● Task brief:
The response should be the data again, identical in every line.

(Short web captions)

════

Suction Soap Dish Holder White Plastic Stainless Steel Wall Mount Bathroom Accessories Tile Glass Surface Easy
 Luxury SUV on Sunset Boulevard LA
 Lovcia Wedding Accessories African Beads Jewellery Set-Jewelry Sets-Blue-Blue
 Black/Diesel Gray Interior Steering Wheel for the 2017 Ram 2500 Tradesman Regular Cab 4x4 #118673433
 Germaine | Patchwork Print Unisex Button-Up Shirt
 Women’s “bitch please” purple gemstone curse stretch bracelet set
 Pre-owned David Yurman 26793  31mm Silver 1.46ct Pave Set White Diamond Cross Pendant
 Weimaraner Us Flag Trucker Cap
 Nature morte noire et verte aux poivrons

════

● Expected answer:
Suction Soap Dish Holder White Plastic Stainless Steel Wall Mount Bathroom Accessories Tile Glass Surface Easy
 Luxury SUV on Sunset Boulevard LA
 Lovcia Wedding Accessories African Beads Jewellery Set-Jewelry Sets-Blue-Blue
 Black/Diesel Gray Interior Steering Wheel for the 2017 Ram 2500 Tradesman Regular Cab 4x4 #118673433
 Germaine | Patchwork Print Unisex Button-Up Shirt
 Women’s “bitch please” purple gemstone curse stretch bracelet set
 Pre-owned David Yurman 26793  31mm Silver 1.46ct Pave Set White Diamond Cross Pendant
 Weimaraner Us Flag Trucker Cap
 Nature morte noire et verte aux poivrons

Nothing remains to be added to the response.